The main difference between these bands is not sound, or even style, but attitude.  Tame Impala are a tightly produced psychedelic rock group.  Pond are typically looser and less bent on masking the influences of American and British rock music made between 1966 and 1973.  On ‘Man It Feels Like Space Again,’ there’s still a typically Beatley vibe, and Pond even do a direct lift of the vocal melody of ‘Sloop John B’, but for half of ‘Zond’ (probably one of the best songs they’ve ever done) they take on a sound that’s more like Jennifer Herrema’s Black Bananas.  In ballad mode, Pond are starting to sound almost exactly like their sister band, and so what?  It’s clear that the cores of each group are talented and full of ideas, so why sweat the lineups?


Dan Deacon – Gliss Riffer

I don’t usually like to write anything saying that a recording artist is ‘back,’ but in some cases, it really fits.  On his last two records, ‘Bromst’ and ‘America,’ Dan Deacon has been playing with how to expand his genius blend of DIY electronic music into something more orchestral and grand.  ‘Gliss Riffer,’ recorded mostly in transit while touring, returns to the stem of Deacon’s more insular, one-man-with-many-cables sound.

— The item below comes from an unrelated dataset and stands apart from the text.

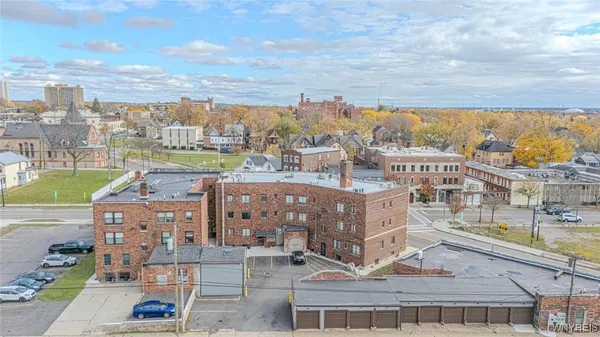 $950 | 530 Main Street, Unit 306, Niagara Falls, NY 14301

‘Gliss Riffer’ is also as much an evolution as it is a return, seeing more focus on Deacon’s development as a vocalist and lyricist.  ‘When I Was Done Dying’ uses both language and noise in equal measure to create the imagined effect of living one’s last moment of existence.  While ‘America’ tended to get a little lost in its own abrasiveness and buried most of the vocals in effects that made them tough to decipher, this record seems to be building on something Deacon tapped into on ‘Snookered,’ the centrepiece (for me, anyway) from ‘Bromst.’  On that track, beauty and poesy are conjured from a combination of computer-generated noises and ‘actual’ instruments that are as good at creating texture as they are at furzing out the human brain with aural stimuli.


Various Artists – The Guest Soundtrack

There’s plenty to say about this film, which is maybe homage and truly fromage, but one thing that must be said about it is that its soundtrack makes it much better (maybe even elevating it from mozza to gouda).  It’s almost like the film is just a feature-length video to showcase this great set of twelve songs.

It all starts with a cool, almost forgotten number from the British post-punk eighties, courtesy of Love and Rockets.  ‘Haunted When the Minutes Drag’ is a great period piece, exemplifying that era with no rust thirty years later, even with its bluesy touches and an eight-minute running time.  Soon after, we’re treated to a rare new pop tune remix from Annie (never a bad thing) that channels the sweet and sour and sweet again strains of ABBA (think ‘Fernando’) with vocals that are clippy and robotic in the verses, but smooth and sugary in the chorus.  The crown jewel of this set is Mike Simonetti’s ‘The Magician’, though.  If you see The Guest and can’t help thinking that it feels a lot like Drive, much of that instinct might stem from the moment featuring this track.  This makes sense in a weird way, since Simonetti used to operate the Italians Do It Better disco label with producer Johnny Jewel, who did an expansive score for Drive that was never used.   This number is a great Protools-style ‘track builder,’ adding one new, very simple aspect of a grinding beat structure every four or eight bars until reaching a climax, a teardrop refrain, then back to that grinding bass and synthetic hi-hat.  This production precision runs through most of the soundtrack whether it’s old and gothy (Sisters of Mercy, Xymox) or fresh and dark-wavy (S U R V I V E, Gatekeeper).

Two of the excellent Front 242 songs that play in the film don’t appear on the soundtrack, but that won’t stop you from burning your own copy on a blank CD and writing FOR DAVID on it in fat black marker.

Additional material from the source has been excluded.